The naysayers do have a point. The story of how you overcame that six-point deficit in the last three weeks is captivating if it is your league, and especially riveting if it happened to you. If it is someone else’s league, the tale loses its luster quickly. I love fantasy baseball, and even I don’t want to hear more than a 60-second recap of what happened in your league.

Expert-league recaps are usually no better. Most fantasy experts only write them after they win, so the vast majority of these reviews are the equivalent of a self-serving, smug victory lap.
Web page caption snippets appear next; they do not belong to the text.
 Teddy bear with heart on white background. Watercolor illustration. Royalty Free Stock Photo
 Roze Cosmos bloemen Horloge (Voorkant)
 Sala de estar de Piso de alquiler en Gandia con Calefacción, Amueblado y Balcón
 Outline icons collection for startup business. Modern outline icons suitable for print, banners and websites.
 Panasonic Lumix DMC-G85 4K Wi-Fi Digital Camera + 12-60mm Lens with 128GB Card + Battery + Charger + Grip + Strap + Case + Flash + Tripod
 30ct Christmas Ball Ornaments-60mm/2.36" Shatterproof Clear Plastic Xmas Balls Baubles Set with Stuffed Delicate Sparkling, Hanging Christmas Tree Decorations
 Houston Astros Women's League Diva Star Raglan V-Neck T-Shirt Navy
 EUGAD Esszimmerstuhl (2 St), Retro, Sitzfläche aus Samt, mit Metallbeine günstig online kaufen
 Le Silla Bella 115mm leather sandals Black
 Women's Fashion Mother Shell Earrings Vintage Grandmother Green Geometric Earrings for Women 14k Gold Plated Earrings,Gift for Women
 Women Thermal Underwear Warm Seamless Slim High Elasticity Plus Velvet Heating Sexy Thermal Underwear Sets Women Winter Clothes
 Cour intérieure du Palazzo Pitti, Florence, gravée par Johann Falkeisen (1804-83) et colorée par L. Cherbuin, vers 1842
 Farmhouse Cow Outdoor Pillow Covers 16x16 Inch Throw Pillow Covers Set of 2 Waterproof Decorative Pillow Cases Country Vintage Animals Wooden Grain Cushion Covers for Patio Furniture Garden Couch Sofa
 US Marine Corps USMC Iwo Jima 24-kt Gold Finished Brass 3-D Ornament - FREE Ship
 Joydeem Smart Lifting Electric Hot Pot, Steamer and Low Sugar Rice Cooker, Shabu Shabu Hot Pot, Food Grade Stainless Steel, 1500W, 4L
Fantasy analysts need to be better about owning their mistakes as much as they own their successes. We all love to pat ourselves on the back when Tyson Ross or Ben Revere work out; we’re far less likely to remind you that we were also high on Will Venable and Jed Lowrie.

I do one or two expert recaps every year for this very reason. I make mistakes every year—particularly in leagues against top-notch competitors—and want to learn from those mistakes. Hopefully, you can learn from these mistakes as well.

I was in four expert leagues this year, but am only going to write in detail about two of them: Tout Wars NL and CBS NL. I co-owned a LABR Mixed team with Bret Sayre and a KFFL Mixed team with Paul Sporer. I might revisit these leagues later this winter with Bret or Paul’s help. The short version is that nearly every pitcher on our LABR staff got hurt (this is hardly an exaggeration) and we finished 14th out of 15 teams despite what was actually a good draft. KFFL was a little better, but after flirting with second place most of the season, Paul and I finished in third place out of 15 teams.

Tout Wars NL-Only: 5th (out of 12 teams)
My strategy and background for Tout Wars can be found in my recap from late March. The team I came out of the auction with ($260 salary cap, 23 active players, four-man reserve list) looked like this:

Position

Player

Salary

C

Travis d’Arnaud

9

C

Wilson Ramos

15

1B

Gaby Sanchez

7

2B

Anthony Rendon

17

SS

Zack Cozart

8

3B

David Wright

29

CO

Casey McGehee

3

MI

Chris Owings

7

OF

Billy Hamilton

22

OF

Matt Kemp

21

OF

Michael Morse

6

OF

Justin Upton

28

UT

Peter Bourjos

6

SW

Cameron Maybin

7

P

Archie Bradley

3

P

Rex Brothers

6

P

A.J. Burnett

10

P

Andrew Cashner

15

P

Jim Henderson

11

P

Josh Johnson

7

P

Jon Niese

4

P

Tyson Ross

11

P

Jose Veras

8

R

Maikel Franco

R

Santiago Casilla

R

John Mayberry

R

A.J. Ramos

I didn’t come in with a category dumping strategy or a specific idea of how to allocate my money. My general auction guidelines back in March from my original recap were as follows:

  1. I would not own a player at $30 or more
  2. I would not buy an ace starting pitcher
  3. Go where the market takes me with saves
  4. Go after “my guys"
  5. Buy a balanced team

Goals one and five sort of tied together, but the idea behind no. 1 was not to put all of my eggs in one basket with a player like Paul Goldschmidt while the idea behind no. 5 was not to dump a category unless the prices in the category were prohibitively bad. As a reminder, the players I purchased who were “my guys” were Hamilton, Henderson, Rendon, Cashner, Ross, and Burnett.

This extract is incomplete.